LARAMIE, Wyo. -- When De'Vaughn Brown was being recruited by a Mountain West school, the recruiter told Ygnacio Valley (California) head coach Clyde Byrd that he felt Brown would become an NFL-level player.
"Now I'm not going to go out and say he has pro potential," Byrd said of Brown, who signed with Wyoming in December. "I think he does, but knowing the kind of worker he is and knowing what's getting ready to take place for him with Wyoming, I think the sky's the limit with the kid."
Byrd has room to talk. Byrd coached future Atlanta Falcon Takkarist McKinley at Kennedy High School. He also was an assistant at McClymonds High School when future Kansas City Chief Marcus Peters played there, and his son Thomas started at center for Boise State from 2007-11.
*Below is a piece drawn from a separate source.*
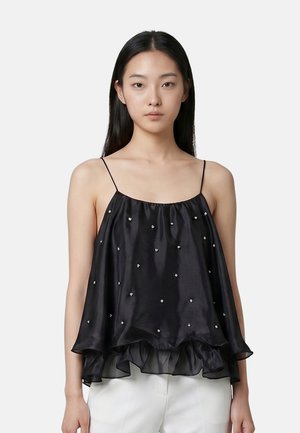 Giovane donna con lunghi capelli neri che indossa una canotta nera larga senza maniche con piccoli ornamenti bianchi e pantaloni bianchi.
"So I've been around some tremendous athletes," Byrd said. "And, middle of the season, I told De'Vaughn he was every bit as good as those cats."
Brown didn't take the comparisons lightly.
"He's not one of those kids that gets big-headed over stuff," Byrd told the Casper Star-Tribune. "He just kept working and wanted to see. Now, of course, it's De'Vaughn Brown, so he had 1,000 questions. Well, 'Why do you see me on that level?' 'And what was the difference between me and Takk?' Because that's who I really compared him to.
"And I was telling him, 'You're built similar.' Takk was faster, but he had more football knowledge than Takk did at the same age, at the same period of time. So, it was very interesting to hear questions that he came to me with. Because he wanted to know exactly what I saw in evaluations to compare him with Takkarist McKinley."
Brown only played at Ygnacio Valley for his senior season, but he left a mark. He wound up being a first-team all-league player and received MVP consideration, Byrd said. Brown played tight end, receiver, defensive end and linebacker, but plans to play defensive end at Wyoming.
He was primarily recruited by defensive ends coach AJ Cooper. Brown also had offers from Fresno State, San Jose State and Portland State.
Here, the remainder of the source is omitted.